Bob starts the second set with “Greatest Story Ever Told,” getting things in motion with fiery energy, the guys really rocking this one. Jerry decides to follow that with “Ramble On Rose,” the crowd predictably cheering the line “Just like New York City.” I really like what Bob does on guitar on this version. That’s followed by a hopping version of “Big River.” Folks shout out some requests, and Keith sings lead on “Let Me Sing Your Blues Away,” a fun tune that would be included on Wake Of The Flood a little later in the year. It’s a treat to hear a live version of this song, which goes in some interesting places the studio version doesn’t.
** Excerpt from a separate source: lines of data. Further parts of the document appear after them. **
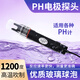 工業(yè)在線ph計(jì) ph復(fù)合電極 ph探頭傳感器 ph檢測(cè)儀 酸堿AC-P-1001 ph電極+10米線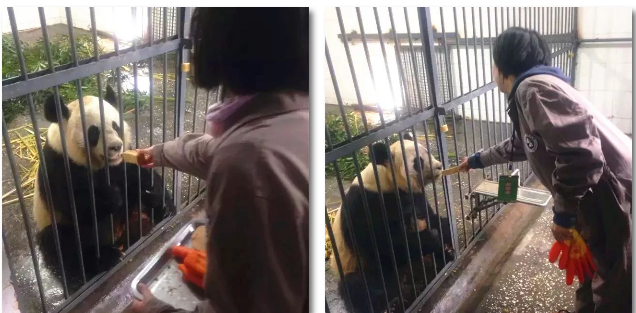 1522746367644962.png blob.png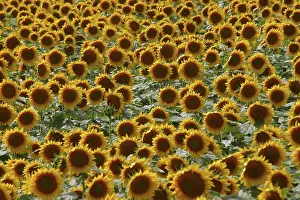 Kansas: Field of Sunflowers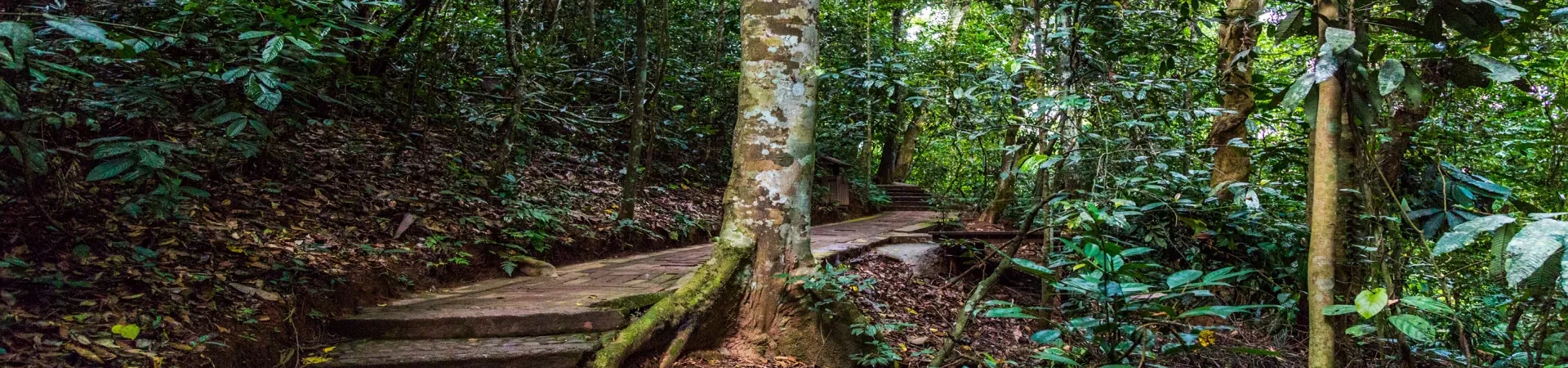 Top China Guide banner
This was the first time the Dead ever played this one in concert. They then go into “China Cat Sunflower,” this version having an odd rumbling below at times. It’s not the best “China Cat” I’ve heard, but the jam is really good, and of course it leads into “I Know You Rider.” I love when Phil digs in on bass. That’s followed by a totally enjoyable rendition of “El Paso.”
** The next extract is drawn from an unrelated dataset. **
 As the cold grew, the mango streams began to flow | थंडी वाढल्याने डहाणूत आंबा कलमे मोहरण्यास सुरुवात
This three-disc set contains a bit of filler from the previous night, the last two songs of the first set. The second disc ends with the first of those two songs, “Bird Song.” And, yeah, it’s a damn fine rendition, with plenty of good jamming with a jazzy bent.

Disc 3

The third disc contains the rest of the second set, the encore, and one song from the previous night. The disc opens with “He’s Gone,” which at that time had an air of melancholy because Pigpen had died earlier in the year. There is something pretty about this version as it begins, in part because of what Keith is doing on keys. And the lyrics are delivered with tenderness. I love that vocal section near the end. This is an excellent version of “He’s Gone,” and it leads straight into “Truckin’” to get everyone moving (and, yeah, the crowd cheers the mention of New York). They keep the energy cracklin’ during the jam as they push the walls outward. And hey, is it just me, or are there signs of the future “I Need A Miracle” in there? “Not Fade Away” has a great amount of energy, as you’d expect, and the band really jams on it. Nothing spacey, just a great, wild, solid jam, which then eases into “Goin’ Down The Road Feeling Bad.” Oh yes, so good. And they really belt out the lyrics at the end, before going back into “Not Fade Away” to wrap up the second set, with Bob screaming.
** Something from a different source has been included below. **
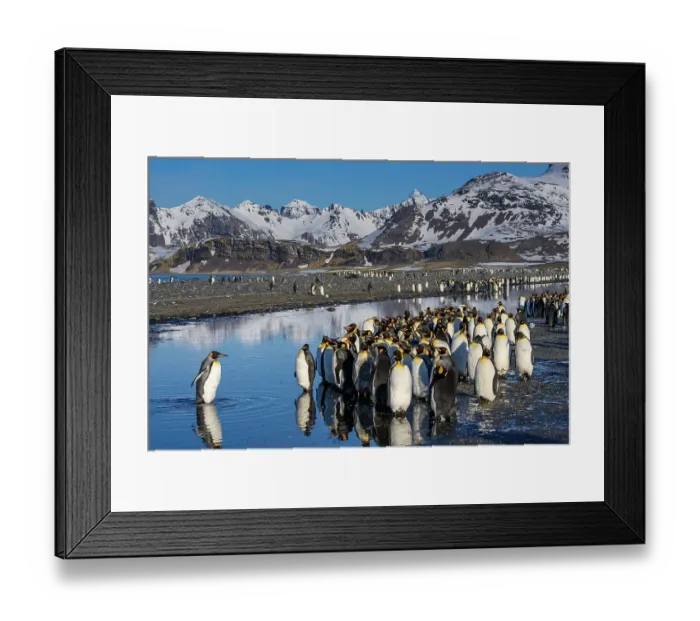 Framed Print : South Georgia Island. King penguin crosses creek and joins colony at Salisbury Plain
The audience was treated to a two-song encore that night. The first is a beautiful, contemplative version of “Stella Blue.” “It seems like all this life/Was just a dream.” The second is “One More Saturday Night” to send everyone out dancing. Was it a Saturday night? You bet it was. The third disc then finishes with the last song of the first set from the previous night, a nice, long “Playing In The Band,” featuring some fantastic jamming. Basically everything you want from “Playing” is here. The jam really cooks for a while, then gets into more spacey territory just before returning to the main body of the song.

CD Track List

Disc 1

  1. Bertha
  2. Me And My Uncle
  3. Sugaree
  4. Beat It On Down The Line
  5. Tennessee Jed
  6. Looks Like Rain
  7. Brown-Eyed Women
  8. Jack Straw
  9. Row Jimmy
  10. Weather Report Suite

Disc 2

  1. Eyes Of The World >
  2. China Doll
  3. Greatest Story Ever Told
  4. Ramble On Rose
  5. Big River
  6. Let Me Sing Your Blues Away
  7. China Cat Sunflower >
  8. I Know You Rider
  9. El Paso
  10. Bird Song

Disc 3

  1. He’s Gone >
  2. Truckin’ >
  3. Not Fade Away >
  4. Goin’ Down The Road Feeling Bad >
  5. Not Fade Away
  6. Stella Blue
  7. One More Saturday Night
  8. Playing In The Band

Dave’s Picks Volume 38 was released in early May 2021. My copy arrived on May 3rd. This release is limited to 25,000 copies (mine is number 6976).